When HMAC is Applied
Incoming requests (clients → M3 Forge)
When a client sends a request to M3 Forge with the four HMAC headers present, the server verifies the signature before processing the request. HMAC authentication covers tRPC API routes (/api/trpc/*) where all business endpoints live.
REST routes (/api/auth/*, /api/oauth/*), SSE streams, and file uploads have their own authentication mechanisms and are not covered by HMAC.
Authentication precedence: Bearer token (JWT / mat_ API key) → Session cookie → HMAC signature. If a valid bearer token or session is already present, HMAC headers are ignored.
Outgoing requests (M3 Forge → your endpoints)

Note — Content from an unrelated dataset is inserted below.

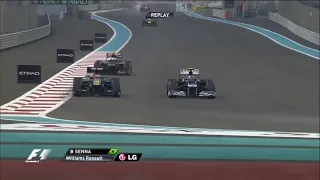 Bruno Senna overtake on Heikki Kovalainen Abu Dhabi GP 2012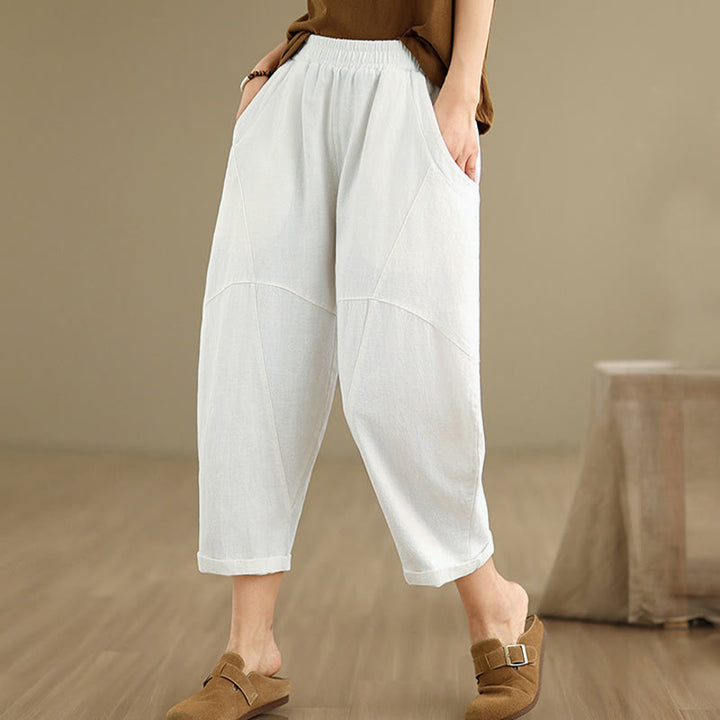 Buddha Stones Spring 7-8 Pantaloni harem da donna a tinta unita con tasche - image 18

When you configure a trigger webhook with HMAC auth type, M3 Forge signs every outgoing delivery with the selected signing key. Your endpoint receives the four X-Marie-* headers and can verify the request originated from M3 Forge. See Verifying Signatures for receiver-side code.
Signing Requests
Use these examples to sign outgoing requests to M3 Forge from your application.
Python
import hashlib
import hmac
import time
import uuid
import requests
MARIE_KEY_ID = "msk_aBcDeFgHiJkLmNoP"
MARIE_SECRET = "your-secret-hex-string"
def sign_request(method: str, url: str, body: str = "") -> dict:
"""Generate HMAC signature headers for an M3 Forge API request."""
timestamp = str(int(time.time()))
nonce = str(uuid.uuid4())
# Build the canonical message
message = f"{timestamp}\n{nonce}\n{method.upper()}\n{url}\n{body}"
# Compute HMAC-SHA256
signature = hmac.new(
MARIE_SECRET.encode("utf-8"),
message.encode("utf-8"),
hashlib.sha256,
).hexdigest()
return {
"X-Marie-Timestamp": timestamp,
"X-Marie-Nonce": nonce,
"X-Marie-Signature": f"sha256={signature}",
"X-Marie-Key-Id": MARIE_KEY_ID,
}
# Example: List workflows
path = "/api/trpc/workflows.list?batch=1"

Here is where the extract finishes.